A recent US Department of Defense report indicates that the Taliban continues to hold relations with Al Qaeda, forcing the Trump administration to reconsider its deal with the powerful armed Afghan movement.

The Pentagon has released a crucial report ahead of the American withdrawal from Afghanistan under the US-Taliban deal, saying that the armed group still maintains its contacts with Al Qaeda. 

The report appears to be a slap in the face for the Trump administration, which is keen on pulling American troops out from the war-torn Central Asian country before the critical US presidential elections in November. For Trump, the exit will be proof to American voters that he has fulfilled one of his campaign promises to end the endless wars. 

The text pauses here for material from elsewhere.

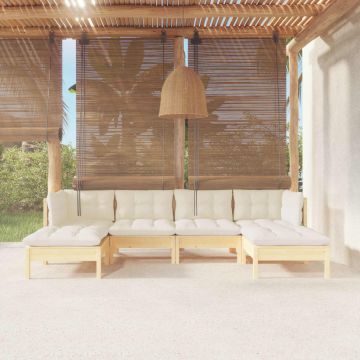 vidaXL Set mobilier grădină cu perne crem, 6 piese, lemn masiv de pin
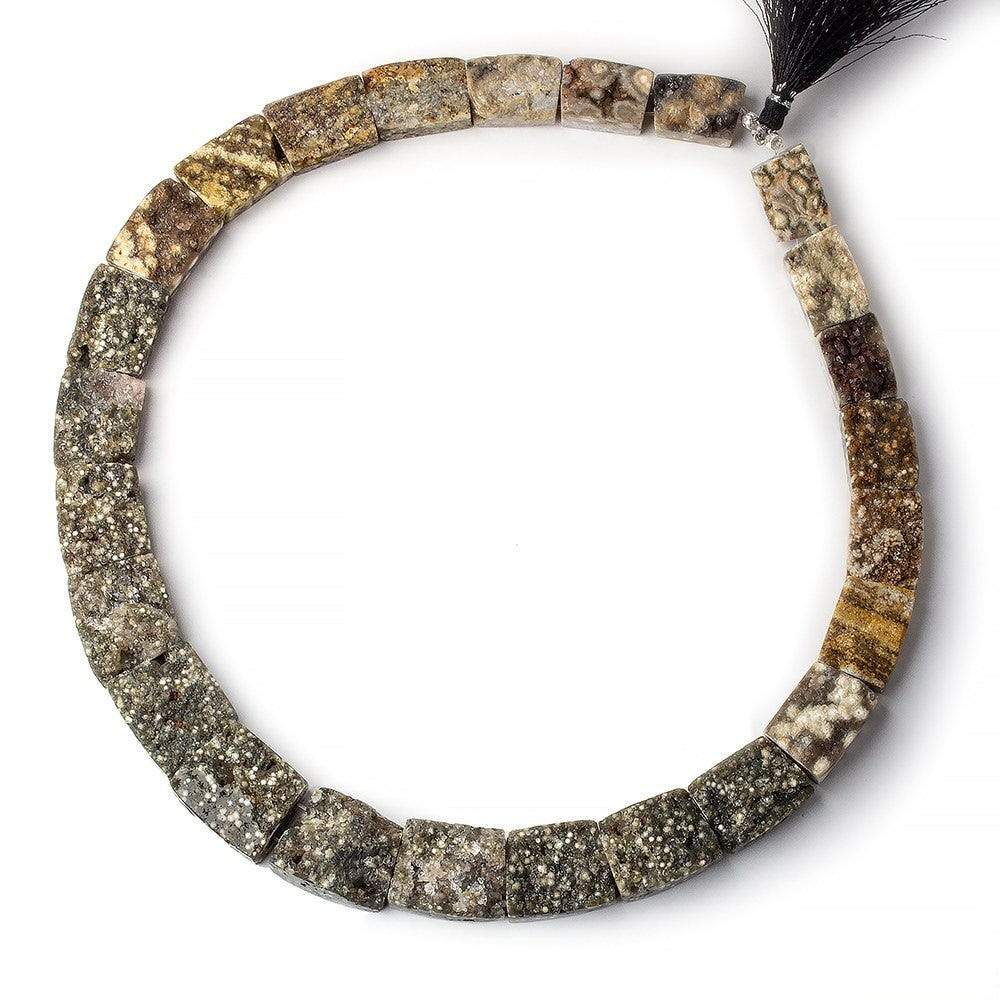 14x19-21x24mm Natural Crystal & Polished Ocean Jasper fancy shape Collar 25 beads AA - Beadsofcambay.com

According to the US-Taliban deal, the Afghan group will stop targeting US and Western-led coalition troops, promising to give no support to groups like Al Qaeda. 

"AQIS (Al-Qaeda in the Indian Subcontinent) routinely supports and works with low-level Taliban members in its efforts to undermine the Afghan government, and maintains an enduring interest in attacking US forces and Western targets in the region," said the strongly-worded Pentagon report, which has been prepared for the US Congress.

"Despite recent progress in the peace process, AQIS maintains close ties to the Taliban in Afghanistan, likely for protection and training," the report stated. 

In recent months, there have been some tensions between the Trump administration and the US military over several issues, ranging from the response to the Floyd protests, to the Syrian policy and the Taliban deal. 

US military vs. Trump

The Pentagon's recent Taliban assessment shows clear differences between the Trump administration and the US military, according to experts on the long conflict. 

“The Pentagon and the US Defense establishment do not want to deal with the Taliban. They don’t want to leave Afghanistan. Leaving Afghanistan in peace talks is pretty much Trump's project,” said Kamal Alam, a military expert on the Middle East’s history and Central Asian conflicts. 

Alam also finds a connection between the recent Pentagon report, which accuses the Taliban of continuing to ally with Al Qaeda, and the recently revealed allegations made by US intelligence sources that Russia has offered bounties to the Afghan group to kill US and UK troops in the Central Asian country. 

House Intelligence Committee Chairman Adam Schiff (D-CA) speaks to reporters next to US House Majority Leader Steny Hoyer (D-MD) as House Democrats respond to a White House briefing on reports Russia paid the Taliban bounties to kill US troops during a news conference following the briefing in Washington, US, June 30, 2020.
House Intelligence Committee Chairman Adam Schiff (D-CA) speaks to reporters next to US House Majority Leader Steny Hoyer (D-MD) as House Democrats respond to a White House briefing on reports Russia paid the Taliban bounties to kill US troops during a news conference following the briefing in Washington, US, June 30, 2020. (Jonathan Ernst / Reuters Archive)

“This is not also a coincidence that both reports are coming out at this particular time to put pressure on Trump to cancel Taliban peace talks and extend US military stay in Afghanistan,” Alam analyses. 

“In fact, yesterday, there was a hearing in the US Congress, which said that any troop withdrawal must be delayed in Afghanistan. ‘We must keep in mind that Russians and the Taliban are working together’ was the main line there,” Alam told TRT World. 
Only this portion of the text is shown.